On NV the first option is possible on recent cards, but the second option is not possible -and they will serialize internally (AFAIK - not sure)

 

On both Vendors it makes sense to use a different queue for data transfer, e.g. a streaming system running while rendering.

Not sure about Intel, IFAIK they recommend to just use a single queue for everything.

 

In practice you need a good reason to use multiple queues, test on each HW, and use differnet settings for different HW.

E.g. for multithreaded command buffer generation you don't need multiple queues and queue per thread would be a bad idea.

Share this post


Link to post
Share on other sites

Thanks. So i understand that a single graphics queue is the best solution.

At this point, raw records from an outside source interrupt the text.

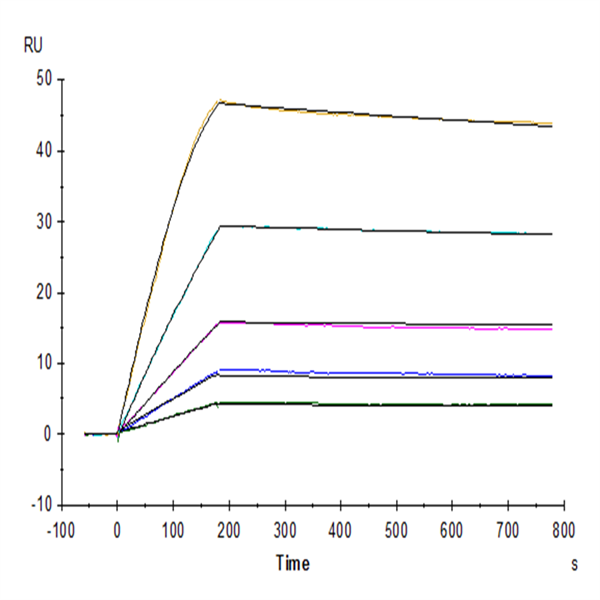 Human GFRAL/GFR alpha-like Protein (GFL-HM201) Human GFRAL/GFR alpha-like Protein (GFL-HM201)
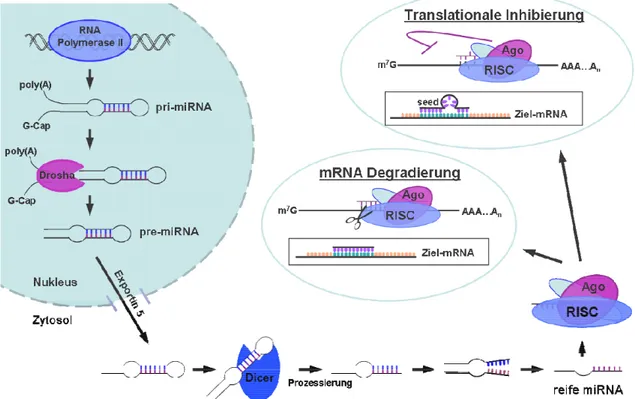 Abb.  1.3:  Darstellung  der  Biogenese  und  Funktion  von  miRNAs.  Nach  Transkription  der  miRNA-Gene  erfolgt  eine  Prozessierung  zur  reifen,  einzelsträngigen  miRNA,  die  ihre  Funktion  nach Einbau in den RNA induced silencing complex (RISC) h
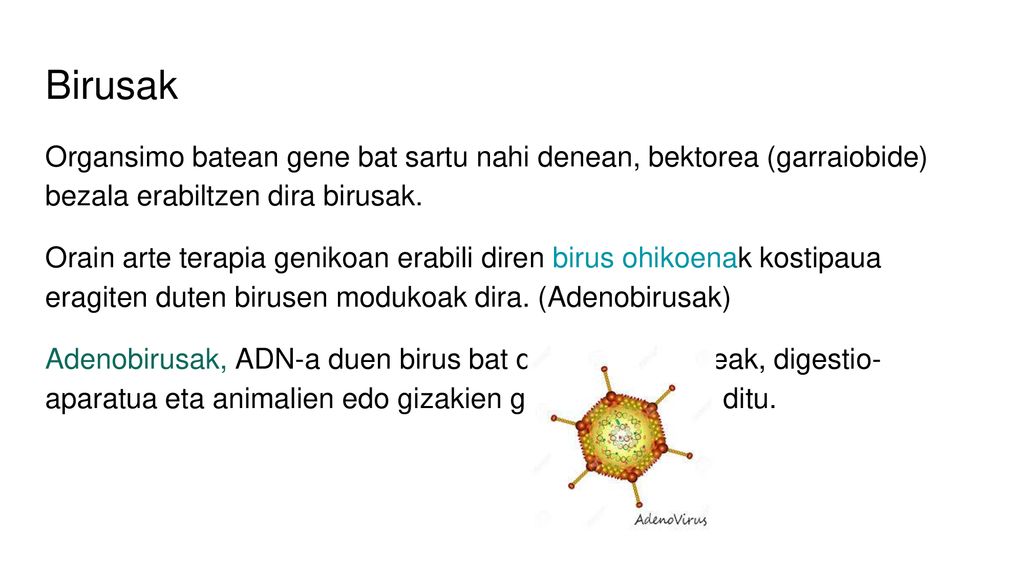 Birusak Organsimo batean gene bat sartu nahi denean, bektorea (garraiobide) bezala erabiltzen dira birusak.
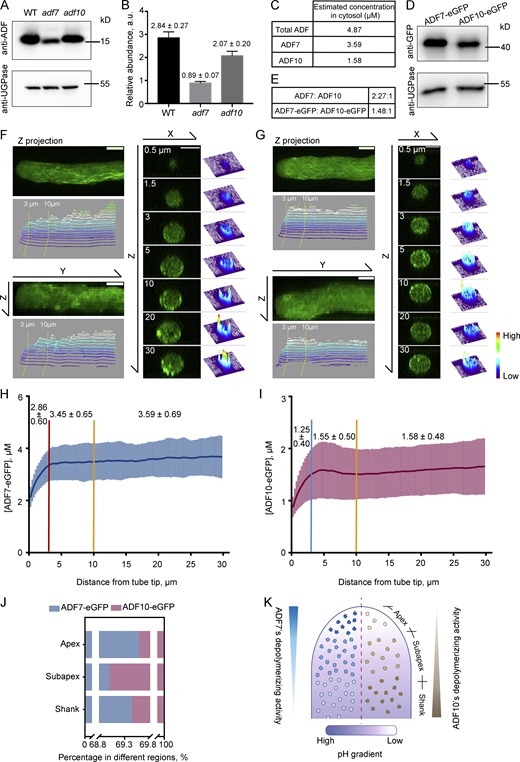 ADF7 is more abundant than ADF10 globally, and the two ADFs are differentially localized within the apical and subapical regions of the pollen tube. (A) Detection of ADF7 and ADF10 in Arabidopsis mature pollen by Western-blot analysis. ADF in total protein from Arabidopsis mature pollen was detected with an anti-ADF7 antibody, which recognizes both ADF7 and ADF10. UGPase, detected with an anti-UGPase antibody, was used as the loading control. The experiment was repeated more than three times and a representative result is shown. (B) Measurement of the relative abundance of ADF proteins in total protein from WT, adf7, and adf10 mature pollen. The average gray values of bands in A were measured. The relative abundance of ADF7 and ADF10 was calculated by dividing the gray values of the band probed with anti-ADF7 antibody by that of the band probed with anti-UGPase antibody. The relative abundance is marked on the top of each column. (C) The estimated concentration of total ADF, ADF7, and ADF10 in the cytosol. The calculation is described in the Materials and methods. (D) Western blot of total protein from Arabidopsis mature pollen derived from the transgenic plants ADF7pro::ADF7-eGFP;adf7 and ADF10pro::ADF10-eGFP;adf10. The blot was probed with anti-UGPase and anti-GFP antibodies. The experiment was repeated more than three times and a representative result is shown. (E) Ratio of ADF7 versus ADF10 in pollen. The ratios of ADF7 versus ADF10 and ADF7-eGFP versus ADF10-eGFP are presented. (F and G) Distribution of ADF7-eGFP (F) and ADF10-eGFP (G) in the XY, YZ, and XZ directions of the pollen tube. Z projection and X projection images are shown in the left panel with the corresponding 3D surface plot of fluorescence pixel intensity. Transverse sections at the indicated distance from the tube tips are shown in the right panel corresponding with the 3D distribution of fluorescence pixel intensity. Warm and cold colors indicate high and low fluorescence intensity, respectively. Bars = 5 μm in all images. (H and I) Quantification of the concentration of ADF7-eGFP and ADF10-eGFP from the extreme tip to the base of the pollen tube. The average concentration of ADF7-eGFP and ADF10-eGFP in different regions (0–3 μm, 3–10 μm, and 10–30 μm from the tube tip) is marked above the curve. More than 60 pollen tubes were measured for each protein. Data are presented as mean ± SD. (J) Percentage of ADF7-eGFP and ADF10-eGFP in different regions of pollen tubes. (K) Schematic showing the distribution of protein concentration and the assumed actin-depolymerizing activity of ADF7 and ADF10 in the pollen tube. The amount and activity of ADF7 and ADF10 are shown on the left and right sides, respectively, of the same pollen tube. Deeper colors represent higher disassembling activity. The color coding for the pH gradient is shown underneath the model. Source data are available for this figure: SourceData F3. Refer to the image caption for details.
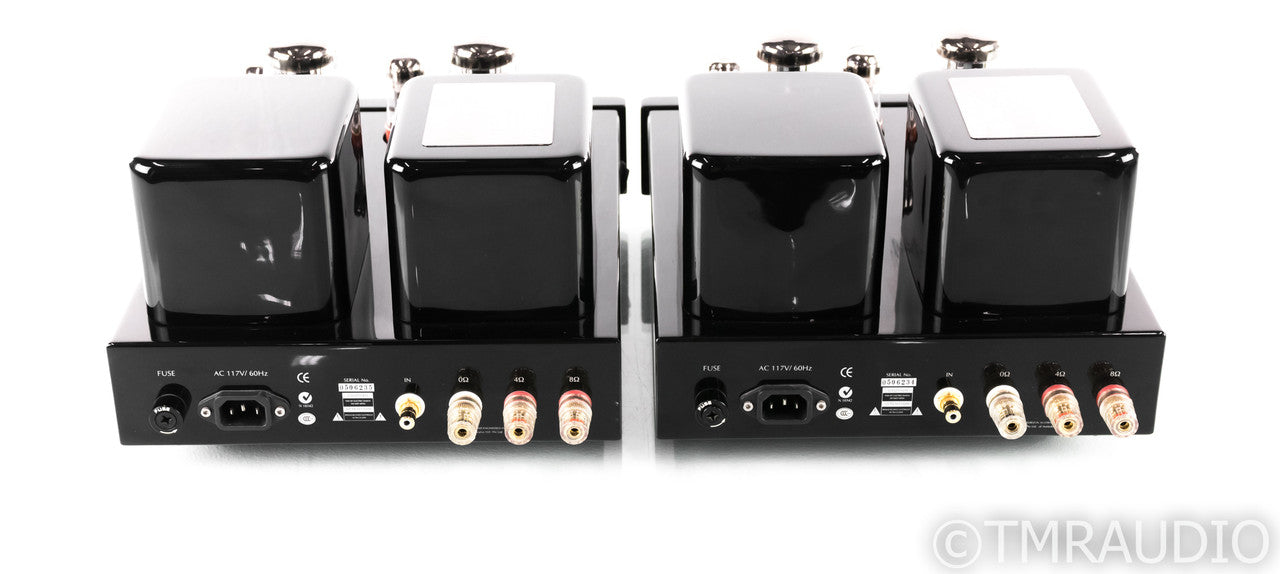 Genesis M60 Mono Tube Power Amplifier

Yeah, i could split the 2*16 queues freely among graphics, compute, transfer and sparse, and the family with the single q is transfer only. Like this, but two times for two devices:

VkQueueFamilyProperties[0]:
===========================
        queueFlags         = GRAPHICS | COMPUTE | TRANSFER | SPARSE
        queueCount         = 16
        timestampValidBits = 64
        minImageTransferGranularity = (1, 1, 1)

VkQueueFamilyProperties[1]:
===========================
        queueFlags         = TRANSFER
        queueCount         = 1
        timestampValidBits = 64
        minImageTransferGranularity = (1, 1, 1)

 

I am not that far as to test anything on different platforms/devices. My "training" pc is a debian linux one. But in principle and if one day i shall do a basic framework for my own i would of course aim towards a solution that is robust and works for different platforms / manufacturers. That would probably be a compromise and not the ideal one for every case.

 

Share this post


Link to post
Share on other sites
1 hour ago, Green_Baron said:

Thanks. So i understand that a single graphics queue is the best solution.

 

Probably. I'm no graphics pipeline expert, but i'm not aware of a case where using two graphics queues can make sense. (Interested, if anybody else does)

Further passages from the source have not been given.